- **Problem to work on**:
Print word for word the first line of the records below and every following line through the one containing "Laurelin 3 Drawer"; print nothing else.

- **Task data**:

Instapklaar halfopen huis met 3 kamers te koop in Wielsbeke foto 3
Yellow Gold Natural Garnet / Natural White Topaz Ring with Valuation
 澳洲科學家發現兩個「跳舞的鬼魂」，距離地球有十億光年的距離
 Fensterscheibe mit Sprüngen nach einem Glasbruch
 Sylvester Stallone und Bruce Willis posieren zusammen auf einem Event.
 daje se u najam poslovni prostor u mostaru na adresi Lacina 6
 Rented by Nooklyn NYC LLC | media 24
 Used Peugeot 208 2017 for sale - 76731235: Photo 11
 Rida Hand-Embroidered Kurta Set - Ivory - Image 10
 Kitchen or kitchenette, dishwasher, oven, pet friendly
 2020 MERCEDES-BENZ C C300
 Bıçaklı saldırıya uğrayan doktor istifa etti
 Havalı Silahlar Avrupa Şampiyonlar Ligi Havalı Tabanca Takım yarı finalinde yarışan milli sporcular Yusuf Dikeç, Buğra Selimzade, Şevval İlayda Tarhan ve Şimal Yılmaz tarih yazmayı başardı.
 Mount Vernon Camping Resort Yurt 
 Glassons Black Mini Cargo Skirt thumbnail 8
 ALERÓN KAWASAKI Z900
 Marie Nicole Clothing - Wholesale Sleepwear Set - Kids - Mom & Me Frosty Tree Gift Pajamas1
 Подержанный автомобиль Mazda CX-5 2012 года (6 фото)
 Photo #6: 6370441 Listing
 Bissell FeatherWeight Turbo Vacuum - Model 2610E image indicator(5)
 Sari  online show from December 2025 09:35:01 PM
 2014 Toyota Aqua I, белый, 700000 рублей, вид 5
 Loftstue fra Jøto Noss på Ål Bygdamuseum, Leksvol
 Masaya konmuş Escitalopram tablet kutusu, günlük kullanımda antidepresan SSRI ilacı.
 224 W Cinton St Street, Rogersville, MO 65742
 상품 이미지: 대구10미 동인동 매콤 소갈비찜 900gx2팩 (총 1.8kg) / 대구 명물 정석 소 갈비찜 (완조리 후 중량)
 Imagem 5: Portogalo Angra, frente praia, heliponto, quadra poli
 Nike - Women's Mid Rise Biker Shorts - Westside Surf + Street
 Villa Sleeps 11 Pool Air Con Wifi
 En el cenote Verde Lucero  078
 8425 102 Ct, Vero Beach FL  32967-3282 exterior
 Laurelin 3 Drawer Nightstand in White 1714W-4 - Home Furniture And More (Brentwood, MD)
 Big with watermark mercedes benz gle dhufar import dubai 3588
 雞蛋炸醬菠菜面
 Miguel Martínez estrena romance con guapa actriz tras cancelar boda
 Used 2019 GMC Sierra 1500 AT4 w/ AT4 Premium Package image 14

- **Answer for this exercise**:
Instapklaar halfopen huis met 3 kamers te koop in Wielsbeke foto 3
Yellow Gold Natural Garnet / Natural White Topaz Ring with Valuation
 澳洲科學家發現兩個「跳舞的鬼魂」，距離地球有十億光年的距離
 Fensterscheibe mit Sprüngen nach einem Glasbruch
 Sylvester Stallone und Bruce Willis posieren zusammen auf einem Event.
 daje se u najam poslovni prostor u mostaru na adresi Lacina 6
 Rented by Nooklyn NYC LLC | media 24
 Used Peugeot 208 2017 for sale - 76731235: Photo 11
 Rida Hand-Embroidered Kurta Set - Ivory - Image 10
 Kitchen or kitchenette, dishwasher, oven, pet friendly
 2020 MERCEDES-BENZ C C300
 Bıçaklı saldırıya uğrayan doktor istifa etti
 Havalı Silahlar Avrupa Şampiyonlar Ligi Havalı Tabanca Takım yarı finalinde yarışan milli sporcular Yusuf Dikeç, Buğra Selimzade, Şevval İlayda Tarhan ve Şimal Yılmaz tarih yazmayı başardı.
 Mount Vernon Camping Resort Yurt 
 Glassons Black Mini Cargo Skirt thumbnail 8
 ALERÓN KAWASAKI Z900
 Marie Nicole Clothing - Wholesale Sleepwear Set - Kids - Mom & Me Frosty Tree Gift Pajamas1
 Подержанный автомобиль Mazda CX-5 2012 года (6 фото)
 Photo #6: 6370441 Listing
 Bissell FeatherWeight Turbo Vacuum - Model 2610E image indicator(5)
 Sari  online show from December 2025 09:35:01 PM
 2014 Toyota Aqua I, белый, 700000 рублей, вид 5
 Loftstue fra Jøto Noss på Ål Bygdamuseum, Leksvol
 Masaya konmuş Escitalopram tablet kutusu, günlük kullanımda antidepresan SSRI ilacı.
 224 W Cinton St Street, Rogersville, MO 65742
 상품 이미지: 대구10미 동인동 매콤 소갈비찜 900gx2팩 (총 1.8kg) / 대구 명물 정석 소 갈비찜 (완조리 후 중량)
 Imagem 5: Portogalo Angra, frente praia, heliponto, quadra poli
 Nike - Women's Mid Rise Biker Shorts - Westside Surf + Street
 Villa Sleeps 11 Pool Air Con Wifi
 En el cenote Verde Lucero  078
 8425 102 Ct, Vero Beach FL  32967-3282 exterior
 Laurelin 3 Drawer Nightstand in White 1714W-4 - Home Furniture And More (Brentwood, MD)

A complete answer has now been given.